The upcoming economic integration of the Association of Southeast Asian Nations (Asean) in 2015 promises growth opportunities for banks, but closer links may also pose risks related to crossborder transactions and capital flows, and could hasten any contagion, the Bangko Sentral ng Pilipinas (BSP) warned local banks.
BSP Deputy Governor Diwa Guinigundo said on Wednesday integration can provide banks the opportunity to capture larger markets, lower banking costs, increase efficiency and mobility of services.
Guinigundo, however, also pointed out that the task of integration is difficult and complex as economic conditions, as well as legal and structural limitations, vary across member states.
To avoid the risk of domination of the regional industry by any single group, “preexisting market conditions should be taken into consideration – for example, allowing member states with less developed banking institutions to liberalize market access of foreign banks to their domestic market at a slower pace,” the BSP official told a forum sponsored by the Asian Development Bank and Asian Institute of Management.
The recognition of the benefits, risks, and the diversity of Asean is a key element in forming the appropriate parameters in implementing banking integration in Asean, he added.
In the case of the Philippines, Guinigundo said that out of 676 domestic banks, only five universal banks have international presence.
“Additionally, Philippine banks are still relatively small compared with the top players in Asean.
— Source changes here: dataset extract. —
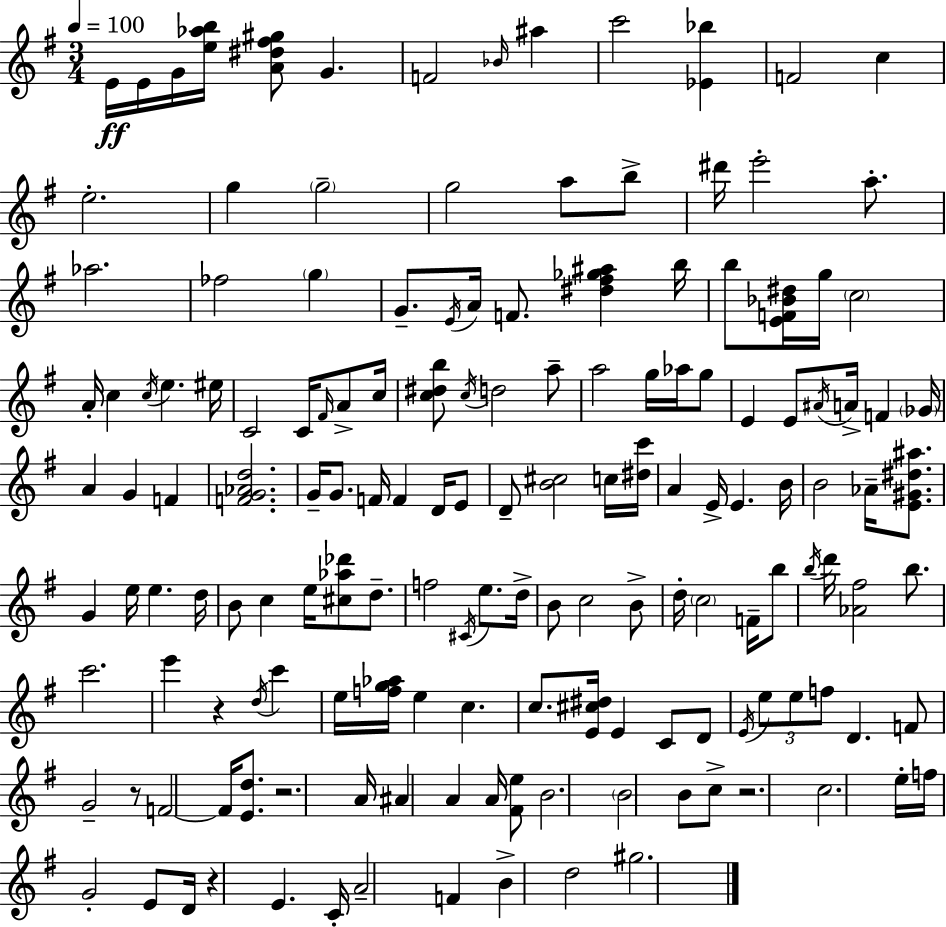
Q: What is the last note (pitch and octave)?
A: G#5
For example, the assets of DBS Singapore are bigger than the entire Philippine banking system and almost four times the combined assets of the top three banks in the Philippines,” he said at the forum.
In terms of capitalization, the largest Malaysian and Singaporean banks are as big as the entire Philippine banking system, he said.
Asean has achieved significant progress in establishing a guiding framework for the integration of the region’s banking sector to promote deeper regional financial integration through the Qualified Asean Banks (QABs) program, said Guinigundo.
According to the Asean Banking Integration Framework, a domestic bank, once qualified as a QAB, can operate within Asean countries but must comply with prudential and governance standards of those countries.
The official further said that the overseas expansion of Asean commercial banks into other countries in the region is very limited, noting that no Asean commercial bank has either a branch or a subsidiary in all Asean countries.
Guinigundo said that the challenge is to build a framework that takes into consideration domestic conditions and encourages efforts toward reducing existing restrictions.
“In this context, Asean member states continue their work in drafting the guidelines for the Asean Banking Integration Framework, with focus on strengthening the following principles and elements: readiness, reciprocity, bilateral negotiations, capacity-building and financial stability infrastructure,” he added.